Digital humanities · capstone

Digitizing the Archive

Archival documents paired with literary texts, an interactive reading room.

ESSEX-QUARTERLY-BRADSTREET-1660

Bradstreet Household, Cluster A

Anne Bradstreet, ‘Here Follows Some Verses Upon the Burning of Our House’ — close reading in relation to court records of William Young, as discussed by Christy Pottroff.

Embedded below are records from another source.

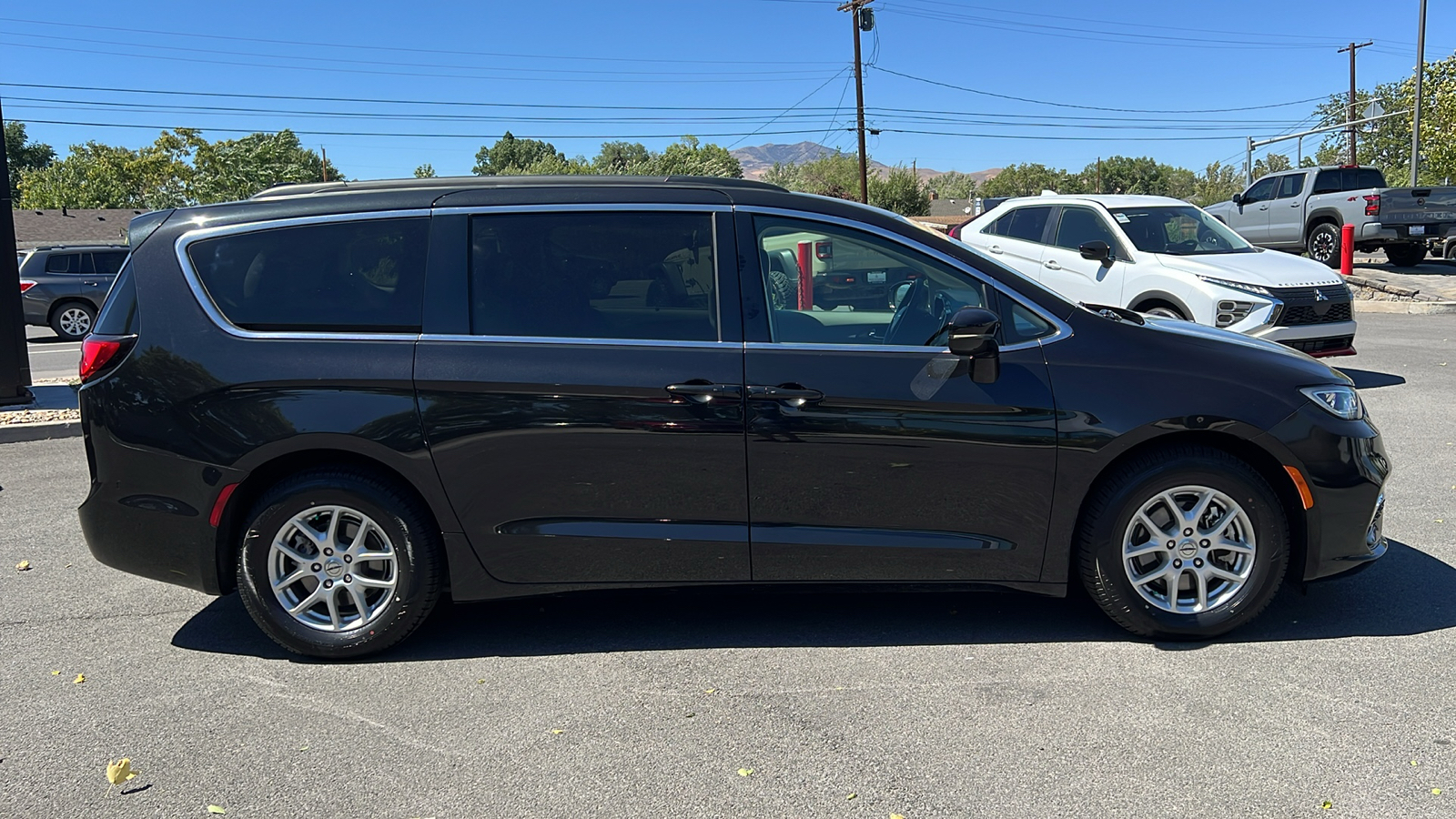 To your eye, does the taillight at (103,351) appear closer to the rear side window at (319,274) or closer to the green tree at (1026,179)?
the rear side window at (319,274)

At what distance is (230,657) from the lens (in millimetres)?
4371

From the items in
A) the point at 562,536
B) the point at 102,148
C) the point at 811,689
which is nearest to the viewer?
the point at 811,689

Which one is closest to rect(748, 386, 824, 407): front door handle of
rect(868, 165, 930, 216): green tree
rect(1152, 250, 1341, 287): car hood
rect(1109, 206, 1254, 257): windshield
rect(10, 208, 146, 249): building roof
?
rect(1152, 250, 1341, 287): car hood

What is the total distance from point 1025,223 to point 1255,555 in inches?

A domestic lyric of loss and spiritual reflection is read alongside a court record documenting the punishment and disappearance of an indentured servant in the Bradstreet household, revealing contrasting archival traces of desire, discipline, and power.

Date
1662–1666
Medium
Manuscript poem; court record; legal archive
Collection
Massachusetts colonial archives; Essex County Quarterly Court Records
Catalog
ESSEX-QUARTERLY-BRADSTREET-1660

Archival document

Essex County court record page (William Young entry highlighted)

Printed court records page showing references to William Young, with highlighted lines near the center of the page.

Digitized court-record page associated with the Bradstreet household context; includes highlighted references for readability.

Transcription / excerpt

Bradstreet: “And when I could no longer look, I blest His name that gave and took…” Court record: “He may have been whipped once, but not twice… [he] ran away and forfeited his bond…”

Close reading

Bradstreet’s poem transforms the destruction of her home into a moment of spiritual reflection. The loss of material goods is reframed through religious submission, as she relinquishes attachment to earthly possessions in favor of divine order. The poem centers an interior experience, grief, acceptance, and faith, rendered through controlled, meditative language.

Synthesis

Why this pairing; what juxtaposition reveals

Why this pairing

Placing Bradstreet’s poem beside the court record makes legible how the same household produced radically different traces—lyric interiority versus legal disappearance.

What juxtaposition reveals

The juxtaposition exposes asymmetry: one voice is preserved and elevated in print; another is reduced to procedure and disappearance.

What the archive alone cannot show

Neither document alone names the whole story; diagonal reading is required to perceive overlapping structures of domestic power the records do not explicitly link.